During George’s West Coast stay, he asked Krause to demonstrate what the Moog could do. A 25-minute instrumental that would become known as No Time Or Space resulted from the meeting. Intrigued by the still-novel instrument’s possibilities, Harrison purchased one and hauled it home to England where, at his bungalow Kinfauns in Esher, he recorded another lengthy instrumental – the 19-minute Under The Mersey Wall. The two pieces would comprise Electronic Sound.
“Whatever came out when I fiddled with the knobs went on tape.”
George harrison
Of his interest in music from the Indian subcontinent, George once said, “It unlocked this enormous big door in the back of my consciousness.” Electronic Sound was another of the rooms this door led to.
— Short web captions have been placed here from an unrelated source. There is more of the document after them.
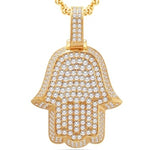 14 Karat Yellow Gold 3.50 Carat Diamonds Hamsa HipHop Pendant-1025203-YG - Picasso Gold & Diamond Jewelry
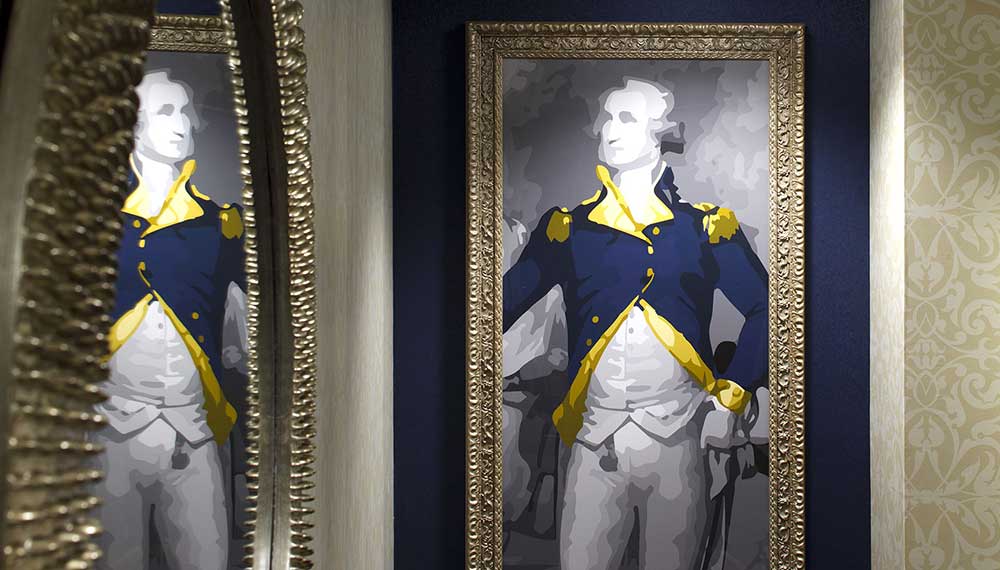 Stylized artwork in Kimpton George depicting George Washington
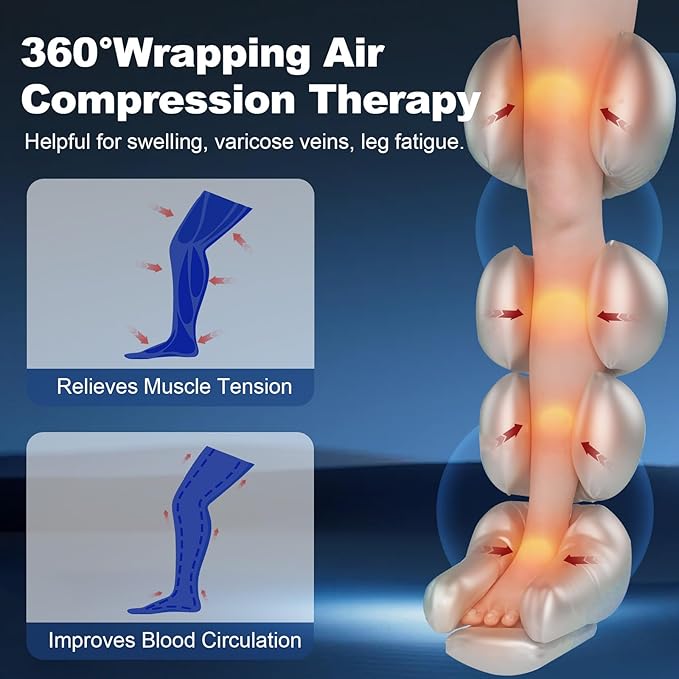 Leg Massager, Leg Compression Massager with Heat and Vibration, Foot and Leg Massager for Circulation and Relaxation, Gift for Women Men Mom Dad - Bloomnest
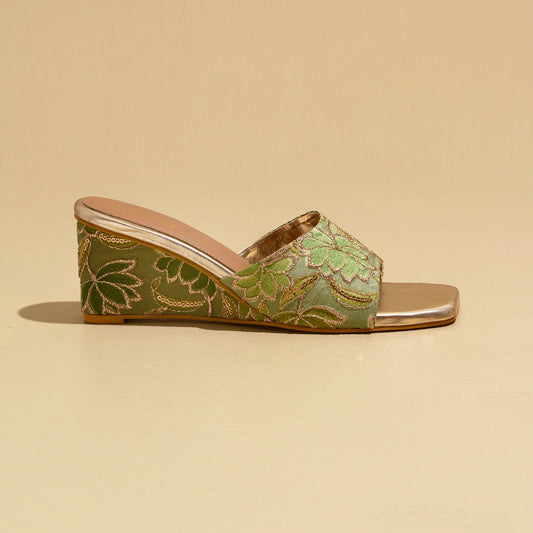 Green Floral Embroidered Wedges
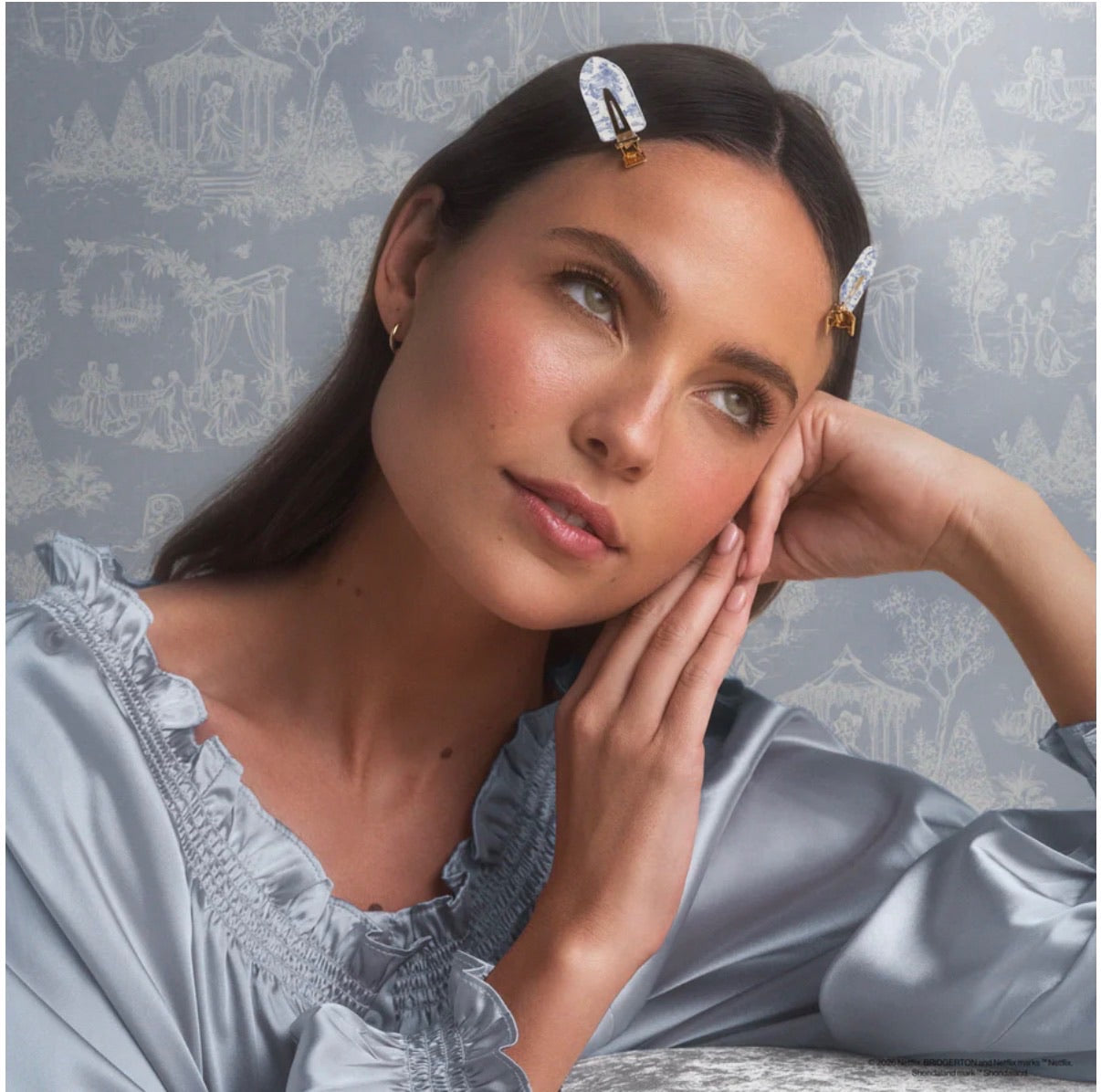 Bridgerton x Kitsch Creaseless Clips in Toile in Bloom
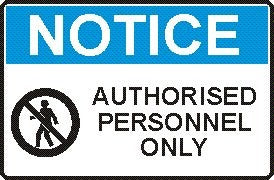 AUTHORISED PERSONNEL ONLY WITH PICTO
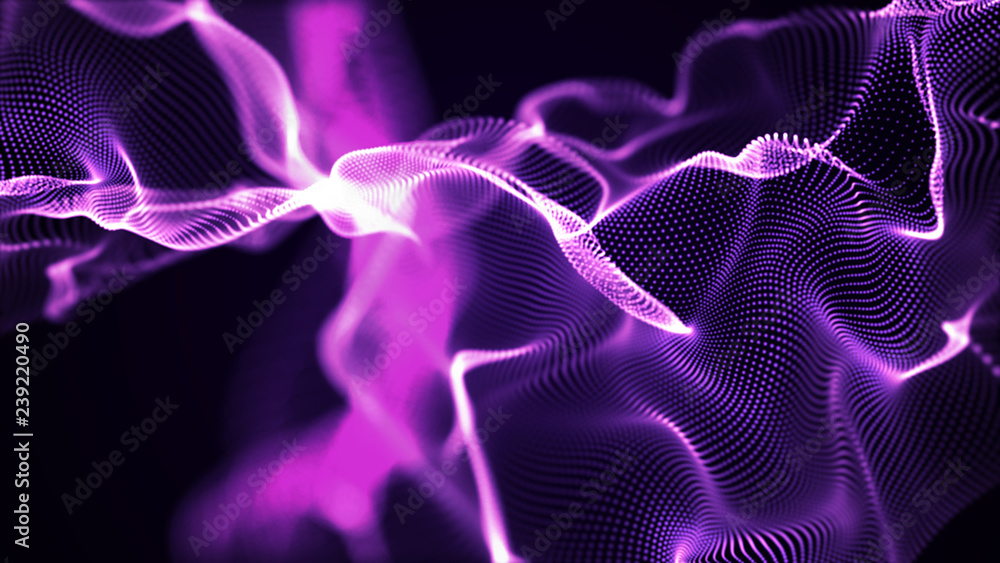 Poster abstract background of data flow. dust particles.futuristic technology element. 3d rendering.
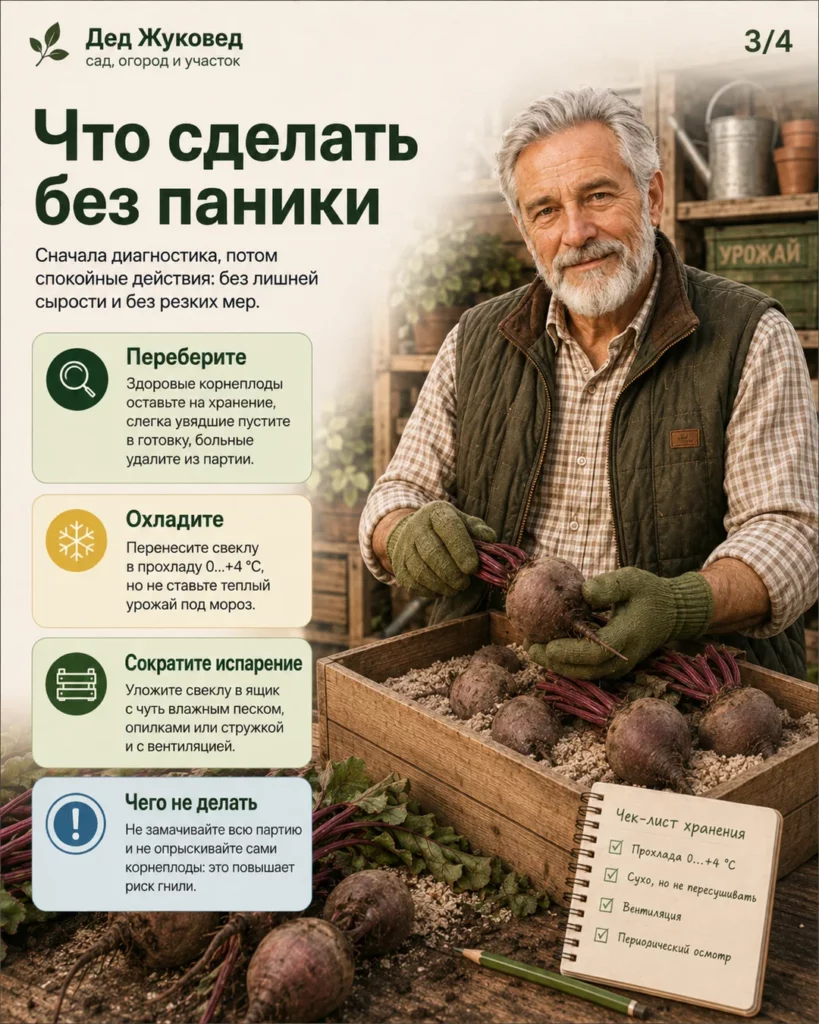 Инфографика 2/4: Свекла вянет после уборки: как сохранить урожай дольше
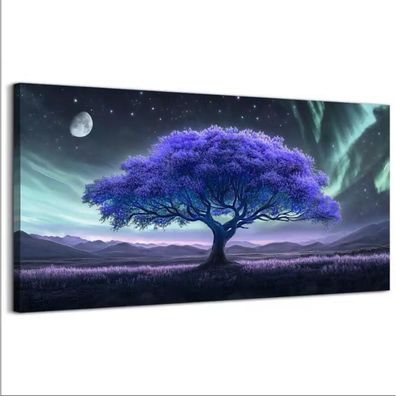 hyidecorart Lila Leben des Baumes Wandbild XXL 59x119 cm, Leinwand Bild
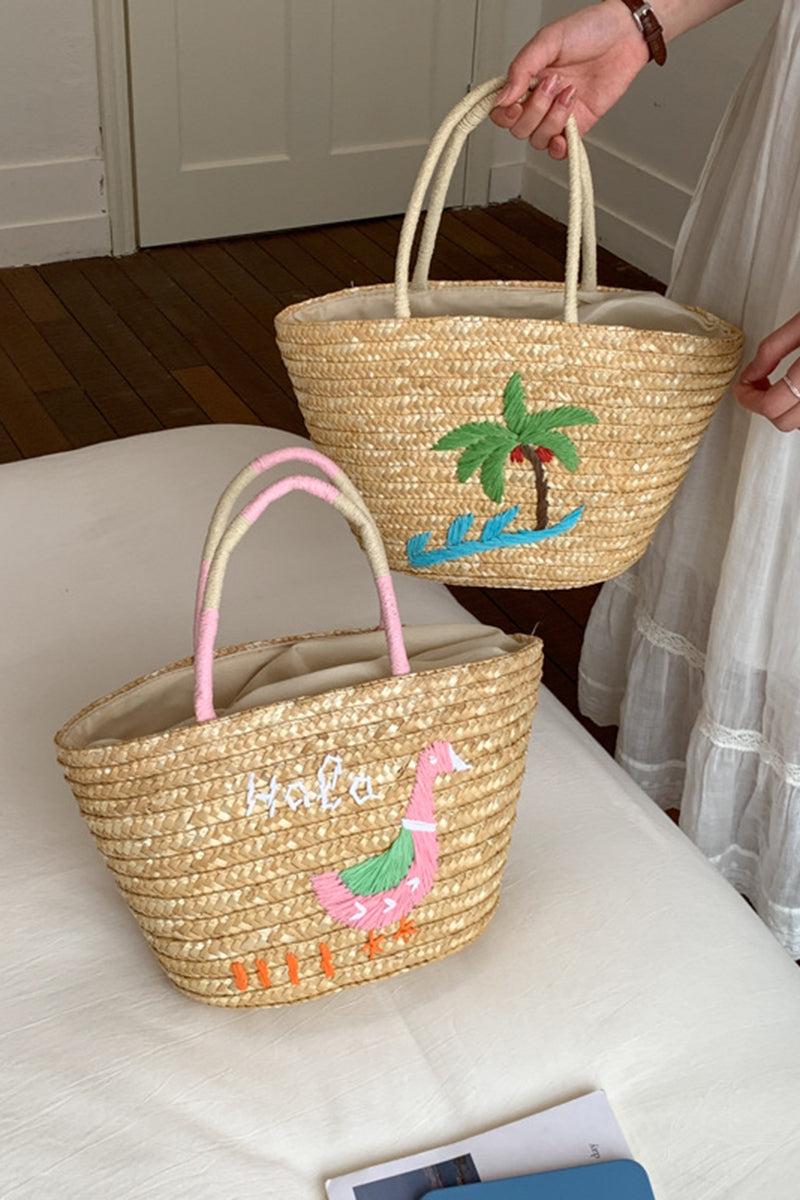 Straw Patterned Tote Bag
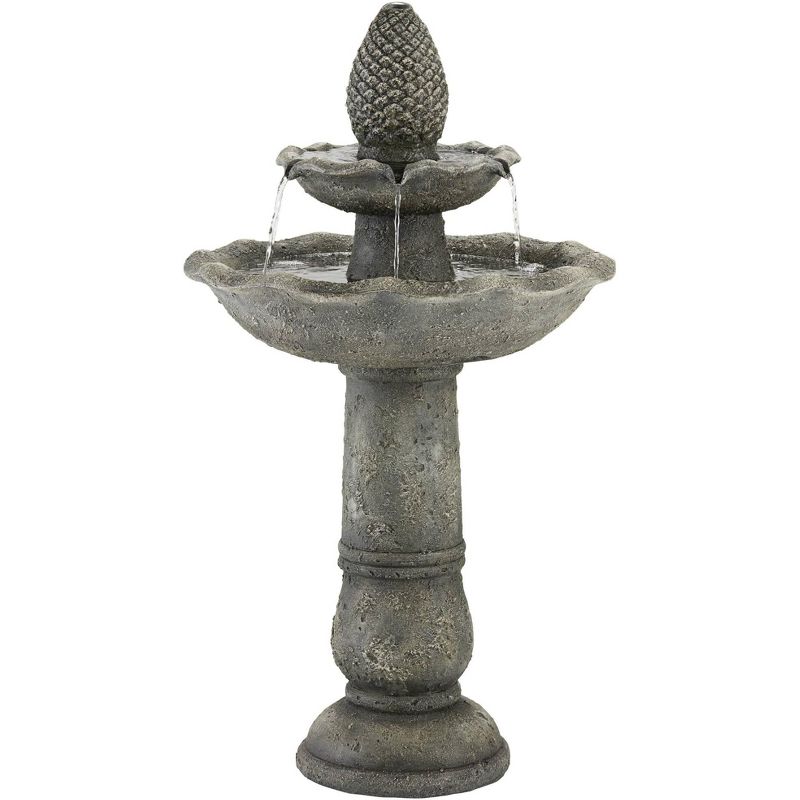 John Timberland Italian Outdoor Floor Water Fountain 35" High 2 Tiered Pineapple Bird Bath for Yard Garden Patio Deck Home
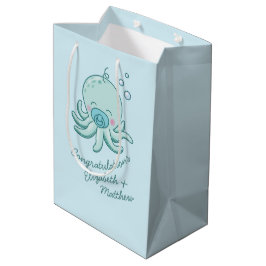 Söt bläckfisk baby shower Kawaii blå pojke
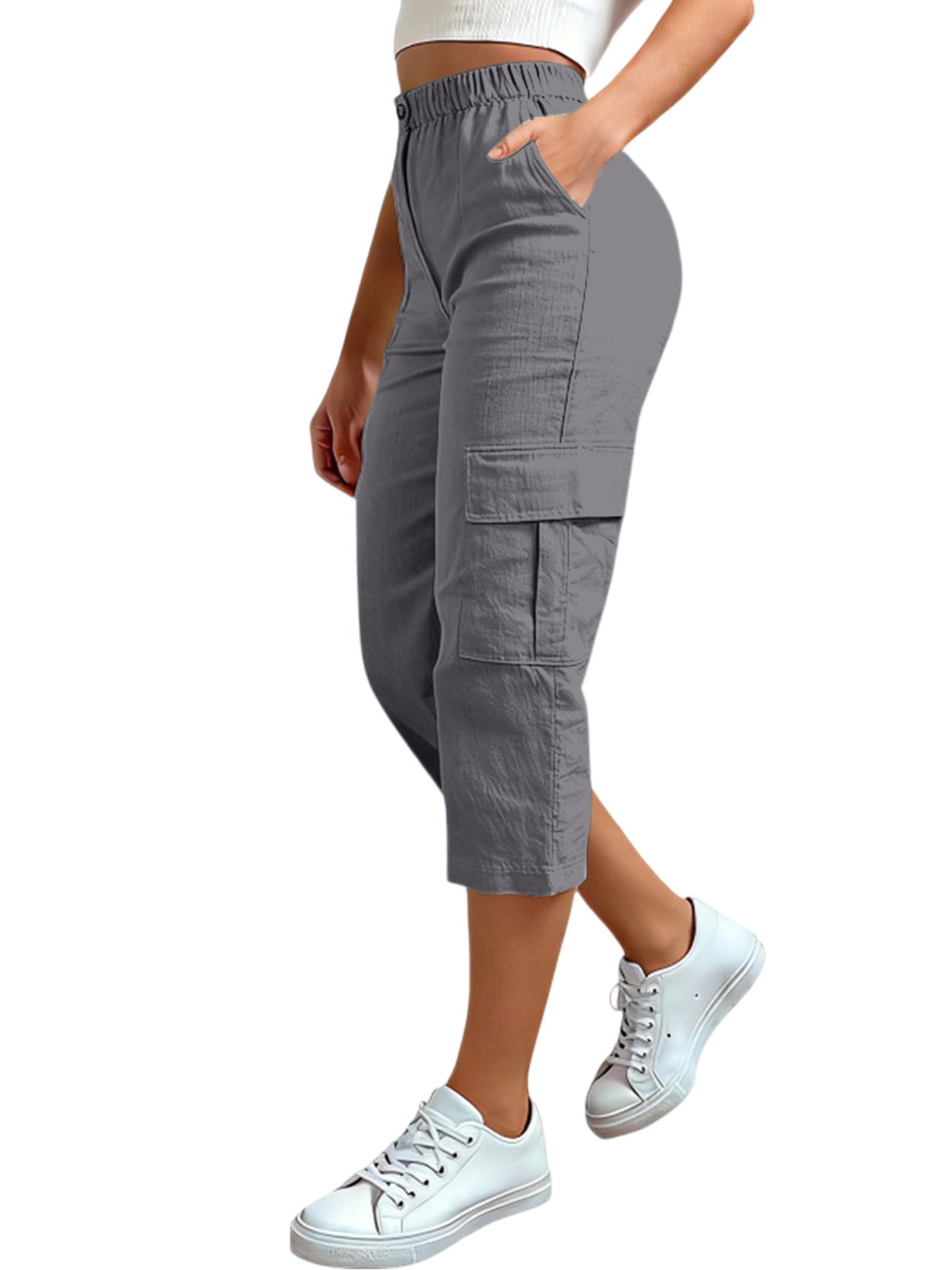 Loose-fit Casual Pants With Multiple Pockets Cross-border Fashion Cropped Trousers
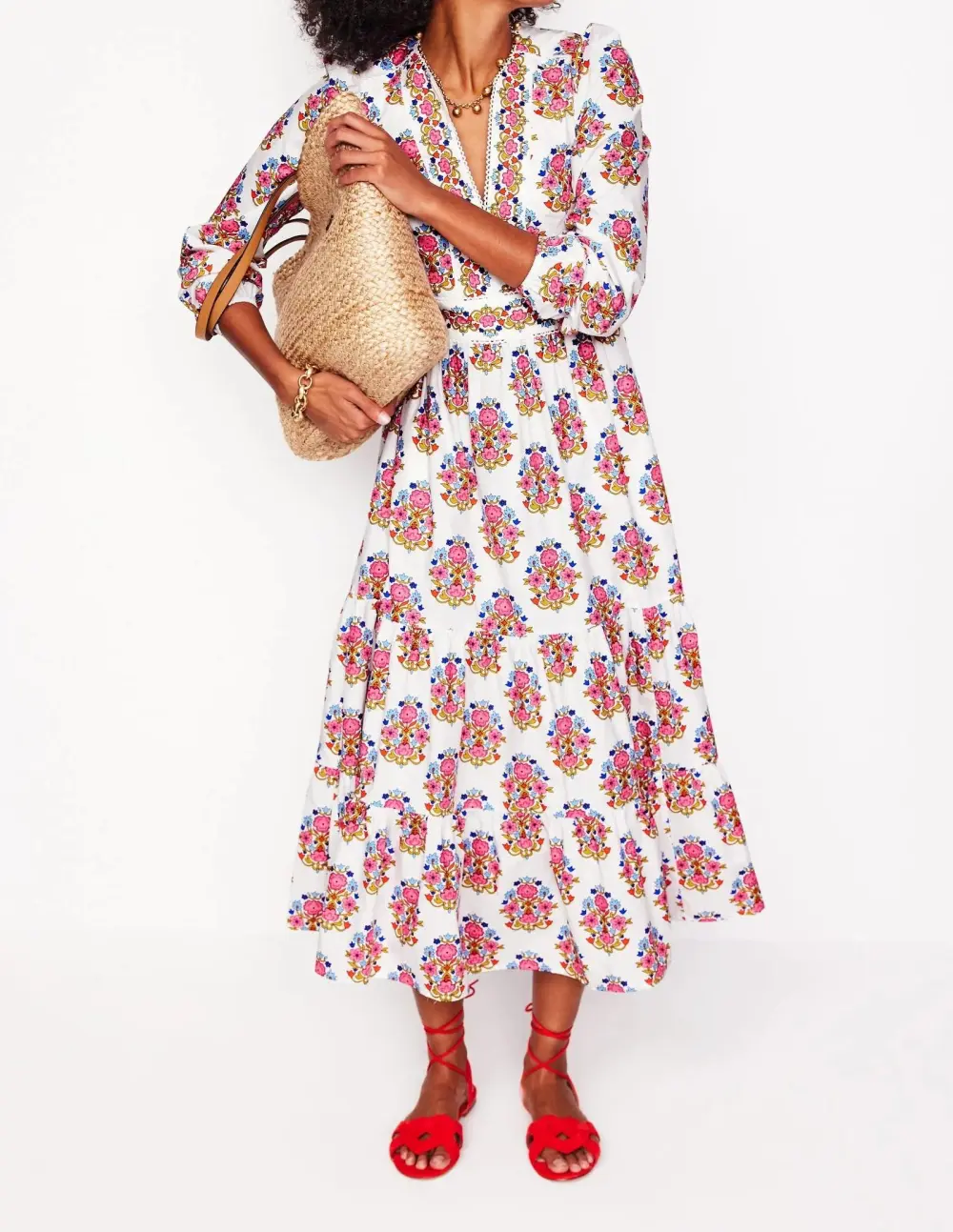White and Pink Paisley - Print Cotton Midi Dress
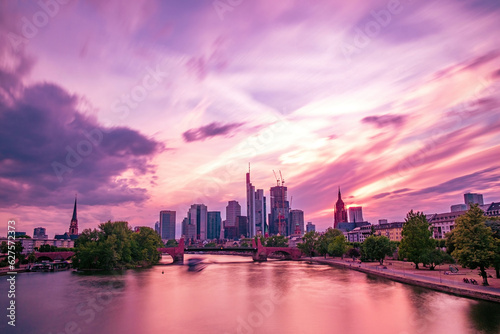 City at dusk with the pink sunset. Frankfurt at sunset 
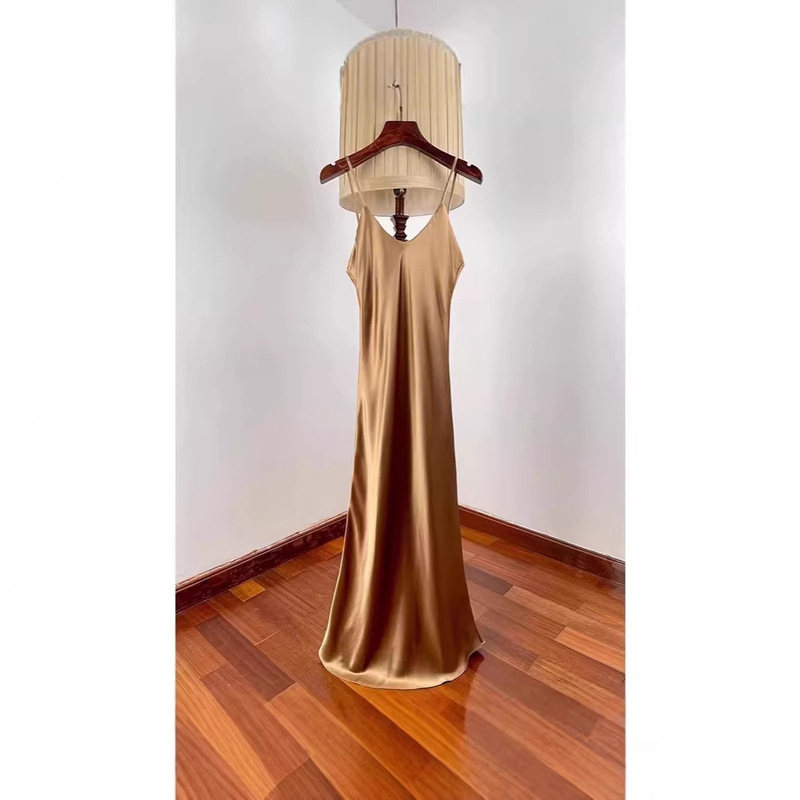 High-End Acetate Satin Dress for Women, Summer 2026 New Style, Slim Fit, Flattering, with Drapey Extended Straps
But was the world ready for it?
Released in a faux-naïf self-designed sleeve, promo copies were sent out with a wiggy press release by Apple Corps’ “house hippy”, and writer of 1973 Fabs memoir The Longest Cocktail Party, Richard DiLello. Quoted in Bill Harry’s 2003 George Harrison Encyclopedia, it vividly described side one’s Under The Mersey Wall as, “George Harrison versus Godzilla and King Kong in space,” before hailing side two’s No Time Or Space as “a wrecked chord of environmental sound that went beyond the genre of hashish cocktail music.”
Yet some reviewers considered it a failed experiment of Frankenstein’s Monster proportions. Writing in Boston’s Fusion mag, future food broadcaster Loyd Grossman approximated George’s Moogy experimentation in word form: “If YOU fweemfweemfweemfweem apapapapapapap have an olD Sunbeam Toaster ugwachattttattachurgchurg churg and enjoy putting your dddddldddlddlllder ear up to it wwhoooooooggggg*-*- you may enjoy this album phwerpphwerp phwerp phwerp phwerp phwerp…”
More positive, Melody Maker felt it stood comparison with Walter (later Wendy) Carlos’s Switched On Bach, a Moog album that had entered the US Top 10 earlier in the year, while Rolling Stone felt that George had done “quite well” with his experimental offering, “but he’s still got a long way to go.”
It seemed he did. Electronic Sound failed to trouble the UK charts and tottered up to a lowly 191 in the US Top 200: confusingly, the US version also reversed the UK A and B side, but kept the same titles on the labels. George remained sanguine, however. “All I did was get that very first Moog synthesizer with the big patch unit and the keyboards that you could never tune, and I put a microphone into a tape machine,” he later explained. “So whatever came out when I fiddled with the knobs went on tape – but some amazing sounds did happen.”
Trust Me, I'm A Beatle...
Certainly, Bernie Krause was essential to the process. In Graeme Thomson’s 2013 Harrison biography Behind The Locked Door, Krause recalled turning up for a session in Esher in February 1969 to find that his Moog demonstration in Los Angeles had been taped and edited and was set for release as No Time Or Space. “I said, Not without my permission you’re not, that’s Paul and I’s stuff,” Krause told Thomson. “And then he said, ‘Trust me, I’m a Beatle.’” Krause’s name was initially not included in the credits, but later editions acknowledged the piece “was recorded with the assistance of Bernie Krause.” As for Under The Mersey Wall, the help of George’s Siamese cats Rupert and Jostick was noted – though whether this was because they generated some of the sounds by capering across the keyboard is harder to categorically prove.
If nothing else, it was a learning curve, one whose lessons would be put to better use in the making of The Beatles’ Abbey Road. There, Robert Moog’s future-forward instrument would adorn four songs, including George’s own sublime Here Comes The Sun. Regarding Electronic Sound, he laid no great claim to its qualities. As he quipped in the 1996 reissue’s sleevenote, namechecking his pal Alvin Lee, “It could be called avant-garde, but a more apt description would be (in the words of my old friend Alvin) ‘Avant Garde Clue’!”